The title is misleading, as Gilbert admits; The Musical Comedy Crime is the name of a flop in which the suspect’s wife is performing. There is neither glamour nor escapism in Gilbert’s depiction of the stage, only exhaustion, poverty, and disillusionment in dreary lodgings, “perpetually moving from one grey cubicle to another, because she was deprived of all security and of all hope, could perceive for herself no joy in the future and no bliss in the past” (Chapter II).

She hated [the stage], hated the dirty slow trains, the strange lodgings, the fleas you found in other people’s beds, the unwashed windows, the unsatisfactory breakfasts, playing in strange halls and kursaals, feeling like some performing animal, watched and commented on by a lot of factory hands or brainless clerks, knowing in your breast that this was the most you’d ever do, looking and straining ahead and not seeing peace or security anywhere.

Chapter I

Gilbert’s early books are realist novels somewhat in the line of Zola; I can’t say that I enjoy them particularly, but I respect her ambition to leave the country house milieu.


1933 Collins

Major John Hillier, a well-known clubman, is found dead in his flat in Upper Paulton Terrace early one morning in rather peculiar circumstances. The discovery is made by a servant, upon whom a certain amount oof suspicion falls. Inspector Field traces the dead man’s movements on the previous night and learns that, after breaking up a dinner-party in a somewhat unconventional fashion, he travelled some distance to a remote suburban theatre to see a leading lady whom he cannot even identify by sight. Following up certain clues and deductions of his own, Field discovers the reason for this strange course of action, and tracing back the dead man’s history over a number of years, finds himself entangled in a nest of underworld intrigue in England and on the Continent. Dope, blackmail and a crime many years old all play their part in an affair that, starting without sensation, attains universal sensation. The congruent parts of the mystery are finally put together by Field and Scott Egerton, who, entering the case late in its development, is able to supply the final link.

Contemporary reviews

Gloucester Citizen (“Penman”, 16th October 1933): A Mystery Staged and Betrayed

Although some of the scenes are slightly tediously extended, The Musical Comedy Crime, by Anthony Gilbert, for the most part makes very interesting reading, and the author has created some really remarkable characters. In very original manner Mr. Gilbert provides a baffling crime for which several persons in the book might be guilty, but, a little fortunately from the reader’s point of view, instead of allowing his sleuths unravel the mystery first, he permits the murderer to betray himself. True, his detectives are unaware of it, and he causes them to forge link by link a chain of evidence against the criminal in a fascinating and gripping manner. There are many features about the story which commends it, and the fact that it is one the Crime Club series is in itself a very real recommendation.

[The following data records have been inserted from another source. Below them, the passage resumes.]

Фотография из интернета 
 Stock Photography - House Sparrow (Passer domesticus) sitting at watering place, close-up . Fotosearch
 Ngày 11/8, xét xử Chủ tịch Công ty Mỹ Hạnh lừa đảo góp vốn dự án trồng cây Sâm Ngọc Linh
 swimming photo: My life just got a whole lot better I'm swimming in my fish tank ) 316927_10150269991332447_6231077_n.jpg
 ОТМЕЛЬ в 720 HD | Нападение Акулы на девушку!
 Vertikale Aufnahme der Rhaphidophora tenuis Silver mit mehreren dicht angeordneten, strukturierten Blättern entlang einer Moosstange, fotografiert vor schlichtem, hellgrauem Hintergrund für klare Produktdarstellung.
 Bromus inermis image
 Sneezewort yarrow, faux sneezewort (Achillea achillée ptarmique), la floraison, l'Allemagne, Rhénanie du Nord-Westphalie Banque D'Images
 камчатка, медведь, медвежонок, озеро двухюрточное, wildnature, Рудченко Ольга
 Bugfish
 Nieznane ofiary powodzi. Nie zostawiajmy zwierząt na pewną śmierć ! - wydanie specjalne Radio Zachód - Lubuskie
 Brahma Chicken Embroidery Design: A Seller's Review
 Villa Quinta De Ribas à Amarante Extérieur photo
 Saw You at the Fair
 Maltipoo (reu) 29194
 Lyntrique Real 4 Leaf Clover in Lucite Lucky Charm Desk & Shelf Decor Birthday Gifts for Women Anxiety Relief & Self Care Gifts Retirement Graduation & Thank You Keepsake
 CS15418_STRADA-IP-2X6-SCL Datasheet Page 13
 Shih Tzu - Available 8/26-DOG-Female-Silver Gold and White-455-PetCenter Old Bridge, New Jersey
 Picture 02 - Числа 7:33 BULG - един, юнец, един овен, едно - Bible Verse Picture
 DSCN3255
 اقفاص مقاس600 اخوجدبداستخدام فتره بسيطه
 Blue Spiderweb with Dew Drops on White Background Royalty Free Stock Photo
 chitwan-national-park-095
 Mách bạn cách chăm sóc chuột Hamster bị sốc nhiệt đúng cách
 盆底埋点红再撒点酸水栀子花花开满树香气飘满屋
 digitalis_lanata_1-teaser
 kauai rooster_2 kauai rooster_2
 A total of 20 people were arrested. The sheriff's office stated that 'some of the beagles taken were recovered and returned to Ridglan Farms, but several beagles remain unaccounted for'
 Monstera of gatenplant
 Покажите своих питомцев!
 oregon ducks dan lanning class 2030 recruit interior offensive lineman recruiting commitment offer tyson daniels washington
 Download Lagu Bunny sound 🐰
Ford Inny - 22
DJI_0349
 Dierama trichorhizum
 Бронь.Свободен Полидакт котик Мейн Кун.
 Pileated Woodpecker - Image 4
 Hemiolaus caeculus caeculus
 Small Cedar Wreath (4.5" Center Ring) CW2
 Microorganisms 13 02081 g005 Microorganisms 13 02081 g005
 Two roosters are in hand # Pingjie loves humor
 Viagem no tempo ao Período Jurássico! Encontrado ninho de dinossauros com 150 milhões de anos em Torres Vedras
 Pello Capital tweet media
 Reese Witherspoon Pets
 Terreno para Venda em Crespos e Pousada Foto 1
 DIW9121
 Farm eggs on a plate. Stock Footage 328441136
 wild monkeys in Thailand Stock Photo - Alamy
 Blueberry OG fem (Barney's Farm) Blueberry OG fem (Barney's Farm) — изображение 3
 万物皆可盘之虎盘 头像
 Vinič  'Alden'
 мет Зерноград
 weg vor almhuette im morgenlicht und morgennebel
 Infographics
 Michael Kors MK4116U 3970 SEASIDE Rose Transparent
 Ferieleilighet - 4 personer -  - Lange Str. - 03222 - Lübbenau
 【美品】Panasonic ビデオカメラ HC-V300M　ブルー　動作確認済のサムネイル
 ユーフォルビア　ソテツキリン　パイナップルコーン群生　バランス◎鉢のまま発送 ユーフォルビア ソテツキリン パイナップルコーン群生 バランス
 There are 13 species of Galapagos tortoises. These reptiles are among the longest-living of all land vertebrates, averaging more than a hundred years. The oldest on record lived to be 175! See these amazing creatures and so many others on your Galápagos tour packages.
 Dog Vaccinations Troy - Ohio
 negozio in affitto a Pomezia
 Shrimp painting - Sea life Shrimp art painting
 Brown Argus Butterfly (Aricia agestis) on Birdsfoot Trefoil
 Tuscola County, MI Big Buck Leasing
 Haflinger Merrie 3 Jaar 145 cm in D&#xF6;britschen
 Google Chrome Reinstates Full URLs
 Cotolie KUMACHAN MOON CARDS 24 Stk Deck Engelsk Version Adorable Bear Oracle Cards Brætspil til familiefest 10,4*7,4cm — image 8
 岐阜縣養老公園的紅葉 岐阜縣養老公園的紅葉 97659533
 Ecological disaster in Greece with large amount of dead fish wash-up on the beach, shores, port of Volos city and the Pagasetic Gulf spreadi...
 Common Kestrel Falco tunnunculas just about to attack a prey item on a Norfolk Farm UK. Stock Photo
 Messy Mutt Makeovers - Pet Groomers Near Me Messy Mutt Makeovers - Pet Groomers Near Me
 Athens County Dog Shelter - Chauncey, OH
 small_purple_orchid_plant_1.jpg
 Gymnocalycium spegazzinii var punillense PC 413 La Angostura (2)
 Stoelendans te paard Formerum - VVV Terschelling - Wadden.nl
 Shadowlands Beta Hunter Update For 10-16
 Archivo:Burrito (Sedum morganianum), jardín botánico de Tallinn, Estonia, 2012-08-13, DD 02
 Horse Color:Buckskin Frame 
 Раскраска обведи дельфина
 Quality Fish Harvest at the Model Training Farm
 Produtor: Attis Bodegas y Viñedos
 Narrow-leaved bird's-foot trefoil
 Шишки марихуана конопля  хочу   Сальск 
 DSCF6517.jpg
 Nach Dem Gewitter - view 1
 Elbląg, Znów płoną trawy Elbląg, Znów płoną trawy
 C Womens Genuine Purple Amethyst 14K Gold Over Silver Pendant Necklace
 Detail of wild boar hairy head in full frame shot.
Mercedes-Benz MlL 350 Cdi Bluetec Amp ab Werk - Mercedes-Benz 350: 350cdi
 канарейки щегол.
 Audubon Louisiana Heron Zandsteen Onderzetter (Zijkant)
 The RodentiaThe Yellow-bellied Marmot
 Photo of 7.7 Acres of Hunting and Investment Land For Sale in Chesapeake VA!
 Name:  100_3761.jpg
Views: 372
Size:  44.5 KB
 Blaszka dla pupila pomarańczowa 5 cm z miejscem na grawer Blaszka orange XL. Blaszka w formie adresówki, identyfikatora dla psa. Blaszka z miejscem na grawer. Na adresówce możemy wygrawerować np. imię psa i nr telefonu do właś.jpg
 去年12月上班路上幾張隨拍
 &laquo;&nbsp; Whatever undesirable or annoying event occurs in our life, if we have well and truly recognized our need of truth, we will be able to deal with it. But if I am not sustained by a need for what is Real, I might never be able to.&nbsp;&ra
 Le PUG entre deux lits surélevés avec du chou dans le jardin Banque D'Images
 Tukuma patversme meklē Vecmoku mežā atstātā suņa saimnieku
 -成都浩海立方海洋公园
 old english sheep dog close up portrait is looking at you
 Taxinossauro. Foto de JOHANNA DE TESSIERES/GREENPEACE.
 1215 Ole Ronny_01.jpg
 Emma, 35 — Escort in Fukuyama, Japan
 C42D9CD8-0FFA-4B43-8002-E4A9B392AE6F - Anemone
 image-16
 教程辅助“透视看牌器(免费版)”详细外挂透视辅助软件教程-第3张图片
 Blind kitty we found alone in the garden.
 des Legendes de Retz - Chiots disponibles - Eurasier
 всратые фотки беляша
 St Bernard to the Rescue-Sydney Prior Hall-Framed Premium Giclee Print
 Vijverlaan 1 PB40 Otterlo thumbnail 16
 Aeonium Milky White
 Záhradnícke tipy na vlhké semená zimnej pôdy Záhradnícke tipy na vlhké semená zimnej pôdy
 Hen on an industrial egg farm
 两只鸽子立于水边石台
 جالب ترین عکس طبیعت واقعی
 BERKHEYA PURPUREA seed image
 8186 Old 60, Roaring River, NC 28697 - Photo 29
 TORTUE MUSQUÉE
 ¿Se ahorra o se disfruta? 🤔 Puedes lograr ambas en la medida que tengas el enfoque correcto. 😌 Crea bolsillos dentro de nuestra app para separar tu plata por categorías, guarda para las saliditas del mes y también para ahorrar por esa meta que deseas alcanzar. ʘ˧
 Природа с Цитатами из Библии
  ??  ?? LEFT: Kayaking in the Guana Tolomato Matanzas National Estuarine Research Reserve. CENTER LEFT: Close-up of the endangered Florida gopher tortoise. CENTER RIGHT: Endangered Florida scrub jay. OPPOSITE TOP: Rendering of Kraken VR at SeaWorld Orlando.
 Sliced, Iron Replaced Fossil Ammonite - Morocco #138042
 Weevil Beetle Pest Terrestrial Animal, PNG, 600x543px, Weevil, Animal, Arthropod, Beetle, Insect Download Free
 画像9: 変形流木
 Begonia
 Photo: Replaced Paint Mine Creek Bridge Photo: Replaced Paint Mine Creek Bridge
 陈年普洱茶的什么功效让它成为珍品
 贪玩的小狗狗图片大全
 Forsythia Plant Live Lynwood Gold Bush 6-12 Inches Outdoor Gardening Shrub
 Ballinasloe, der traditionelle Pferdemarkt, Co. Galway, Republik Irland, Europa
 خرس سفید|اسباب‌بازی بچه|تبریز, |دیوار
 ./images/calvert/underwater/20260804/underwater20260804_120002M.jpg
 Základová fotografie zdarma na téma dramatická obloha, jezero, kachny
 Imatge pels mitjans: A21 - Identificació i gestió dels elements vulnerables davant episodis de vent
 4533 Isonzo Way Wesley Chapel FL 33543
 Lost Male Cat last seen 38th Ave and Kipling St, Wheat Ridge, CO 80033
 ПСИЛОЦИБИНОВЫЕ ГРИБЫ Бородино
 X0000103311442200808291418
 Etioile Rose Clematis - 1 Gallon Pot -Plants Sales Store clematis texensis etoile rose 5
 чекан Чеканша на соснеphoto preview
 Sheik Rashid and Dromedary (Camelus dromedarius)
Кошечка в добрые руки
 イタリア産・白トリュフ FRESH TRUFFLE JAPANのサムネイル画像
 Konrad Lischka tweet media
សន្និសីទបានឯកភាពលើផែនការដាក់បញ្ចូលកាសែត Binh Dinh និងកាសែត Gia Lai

Gloucestershire Echo (16th October 1933): The Musical Comedy Crime, by Anthony Gilbert, is a book of long-sustained mystery and excitement. The author of Death in Fancy Dress believes in keeping you in suspense, and therein shows his ability and resource. Major John Hillier, a well-known clubman, is found dead in his flat. The discovery is made by a servant, on whom a certain amount of suspicion falls. An inspector traces the dead man’s movements and learns that, after a dinner party, he went to a suburban theatre to see a leading lady. Clue follows clue, and the inspector, in tracing back the Major’s history over some years finds himself in a perfect net of underworld intrigue stretching from England the Continent. It is always an interesting and absorbing story.

Edinburgh Evening News (18th October 1933): This is a very fascinating novel, in which the importance of detail in crime solution is demonstrated. Society was well rid of Major John Hillier. whose personality and education were a cloak for his underworld activities. Hillier was found in his flat with his head battered in, and suspicion falls first on one person and then on another as a Scotland Yard officer proceeds to fill in some of the blanks. Among those to whom the accusing finger points is a Member of Parliament who was indiscreet enough to pay an uninvited visit to the major’s house early in the morning on which Hillier was found dead. Circumstantially. the said M.P. had a good deal to explain away, and publicity or scandal was the last thing he desired. The murdered man’s servant was also under suspicion, but in the end it is a second M.P. who provides the clues that lead to a water-tight charge being preferred against the real murderer, the husband of a third-rate musical comedy actress.

Aberdeen Press and Journal (19th October 1933): A detective story that begins turgidly but opens out into some real good work.